We can see hints of this today: newsletters like “Some Items of Interest to Process Chemists” or Elliot Hershberg’s Century of Bio Substack highlight a particular vision of science, although they haven’t quite advanced to the stage of formally publishing papers themselves. But perhaps it will happen soon; new movements, like molecular editing or digital chemistry, might benefit from forming more tightly-knit communities.
If preprints take over every field of science as thoroughly as they have computer science, journals may find themselves almost completely divorced from the day-to-day practice of science, for better or for worse. Papers might still be submitted to journals, and the status of the journal might still mean something, but it wouldn’t be a guess anymore—journals could simply accept the advances already proven to be impactful and basically just publish a nicely formatted “version of record,” like a scientific Library of Congress.
This is essentially equivalent to the “publish first, curate second” proposal of Stern and O’Shea—preprints eliminate the need for journals to move quickly, so we can just see what work the community finds to be best and collect that into journals. The value of journals for specialists, who already need to be reading a large fraction of the papers in their area, would be much lower—journals would mainly be summarizing a field’s achievements for those out-of-field. In this scenario, “many specialized journals that currently curate a large fraction of the literature will become obsolete.”
(This already happens sometimes; I remember chuckling at the 2020 Numpy Nature paper. Numpy isn’t successful because it was published in Nature; Numpy got into Nature because it was already successful.)
Pessimistically, one can imagine a world in which journal publications still carry weight with the “old guard” and certain sentimental types, but the scientific community has almost completely moved to preprints for day-to-day communication. In this scenario, one might still have to publish journal articles to get a job, but it’s just a formality, like a dissertation: the active work of science is done through preprints. Like Blockbuster, journals might limp along for some time, but their fate is pretty much sealed.
Another reason why journals might persist in a world driven by preprints is the desire of philanthropic agencies to appear beneficent. If a certain organization, public or private, is giving tens of millions of dollars to support scientific progress, the only real reward it can reap in the short term is the prestige of having its name associated with a given discovery. Why not go one step further and control the means of publication?

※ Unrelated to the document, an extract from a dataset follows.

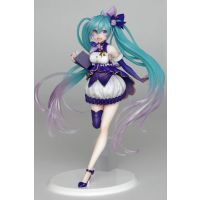 Vocaloid - Hatsune Miku 3rd Season Winter Version Prize Figure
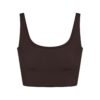 NikeSKIMS SHINE SCOOP NECK BRA TOP NikeSKIMS SHINE SCOOP NECK BRA TOP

In this Infinite Jest-like vision, funding a certain project buys you the right to publish its results in your own journal. We can imagine J. Pfizer-Funded Research and J. Navy Research competing to fund and publish the most exciting work in a given area, since no one wants to sponsor a loser. (Why stop there? Why not name things after corporate sponsors? We could have the Red Bull–Higgs Boson, or the Wittig–Genentech olefination.)
As discussed at the beginning of this article, the government “funds most research, pays the salaries of most of those checking the quality of research, and then buys most of the published product.” There’s a certain simplicity in a funding agency just taking over the whole process, but I doubt this would be good for scientists. Unifying the roles of funder, publisher, and editor would probably lower the agency of actual researchers to an untenably low level.
Another depressing scenario is one in which journals cease contributing to the positive progress of science, and start essentially just trying to monetize their existing intellectual property. As ML and AI become more important, legal ownership of data rights will presumably increase in economic value, and one can easily imagine the Elseviers of the world vacuuming up any smaller journals they can and then charging exorbitant fees for access to their data. (Goodbye, Reaxys…)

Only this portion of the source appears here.